In certain circumstances, family law and estate litigation claims can intersect. The case of Malecek v. Leiren, 2021 BCSC 1052 is one such example.
In Malecek, the deceased, a man named Hall, died at the age of 79. He was survived by his wife of 37 years, Carol, and four daughters from a prior marriage. He was also survived by two step-sons, who were Carol’s children from a prior marriage. Until Hall’s health deteriorated resulting in him having to live in various care facilities, he and Carol had lived together in a house owned solely by Carol.
Hall had made a will that left his personal effects to Carol and divided the residue of his estate equally among his daughters. However, following his death, it became apparent that Hall’s estate was insolvent such that there was no money for his daughters to inherit.
Not being satisfied, Hall’s daughters alleged that he and Carol had, in fact, separated prior to his death. If that were the case, Hall’s estate would have prima facie been entitled to one-half of all family property including the house owned by Carol. Bringing that and, perhaps, other assets into Hall’s estate would make it possible for his daughters to inherit something. As such, the central issue in the case was whether Hall and Carol had separated prior to his death.
The daughters made many assertions that they said supported their position that Hall and Carol had separated before he died. Among others, they argued that Carol had been in a long-term relationship with another woman; that Carol rarely visited Hall while he was living in care facilities and that, when she did, she did not provide him with sufficient care; that Carol refused to let Hall come home; and that, before his death, Hall had expressed being lonely and wanting to move closer to his daughters.
Before arriving at her decision, the Court reviewed the principles applicable to determining whether spouses have separated, noting that:
a) The law does not require a meeting of the minds to find an intention to separate. All that is required is an intention of one spouse to separate and action consistent with that intention;
b) The law does not require an unequivocal communication of separation by one spouse to the other. The court is to assess on the totality of the evidence whether one spouse had a settled intention to separate and communicated that intention through conduct to the other spouse; and
c) The mere living separate and apart of spouses because of enforced long-term residential medical care is not conclusive of an intention to end the matrimonial relationship, nor of an intention to separate permanently.
In considering the evidence put forward by the daughters, the Court found that there was not a scintilla of actual evidence that Carol had been in a romantic relationship with another woman. The allegation, itself, was scandalous. The Court further determined that the amount of contact between Hall and Carol while the former was in care and the assistance which Carol provided was entirely sufficient and, in any event, not suggestive of any intention on either or their parts to separate. Given the severity of his medical issues, Hall’s residence in care facilities as opposed to Carol’s house was also entirely understandable. Finally, his expression of loneliness was understandable and, again, not suggestive of an intention to separate from Carol.
Overall, the Court found that the daughter’s had cherry-picked evidence and given an uncharitable interpretation to many other facts. The Court went on to find that the daughter’s had engaged in a long-term campaign to convince Hall to divorce Carol and that, contrary to their assertions, he had resisted those attempts. Furthermore, Carol was still alive to depose that she never separated or intended to separate from Hall, and that the two remained loving spouses up until his death.
In the circumstances, the Court had no problem concluding that Hall and Carol had not separated prior to the former’s death. Neither had communicated an intention to the other to separate permanently and neither of them took any action that might be construed as demonstrating an intent to separate permanently or to otherwise end the marital relationship.
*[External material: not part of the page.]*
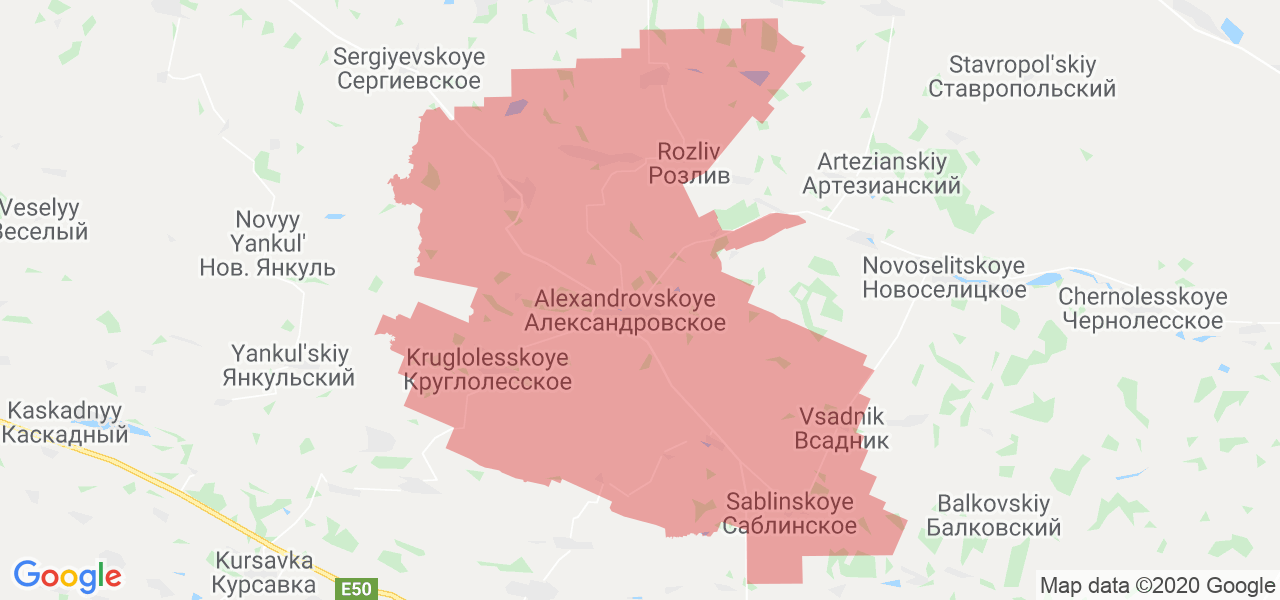 Изображение Александровского района Ставропольского края на карте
To the contrary, the evidence, direct and indirect, was overwhelming that they remained in a marital relationship up to the time of Hall’s death.
As the losing party, costs were awarded against the daughters in favour of Hall’s estate. Given the conduct and serious allegations made by the daughters, Hall’s estate sought an award of special costs. Where a losing party engages in reprehensible conduct, conduct from which the court seeks to dissociate itself, conduct deserving of reproof or rebuke, or conduct that is scandalous or outrageous, they can be liable for special costs.
In reasons indexed as Malacek v. Young, 2021 BCSC 2219, the Court found that special costs were warranted for several reasons. Among them, the Court found that the unfounded and scandalous allegation that Carol had been in a secret same-sex relationship with another woman was reprehensible. Connected with that, the Court admonished the daughters for having made threats to expose the alleged relationship between Carol and the other woman. The Court found that this constituted intimidation and bullying. The Court was also incensed that the daughters had virtually no evidence to suggest that the 37-year marriage between Hall and Carol had ever ended. Finally, the Court saw that the daughters’ true intent was to simply get their hands on Carol’s money.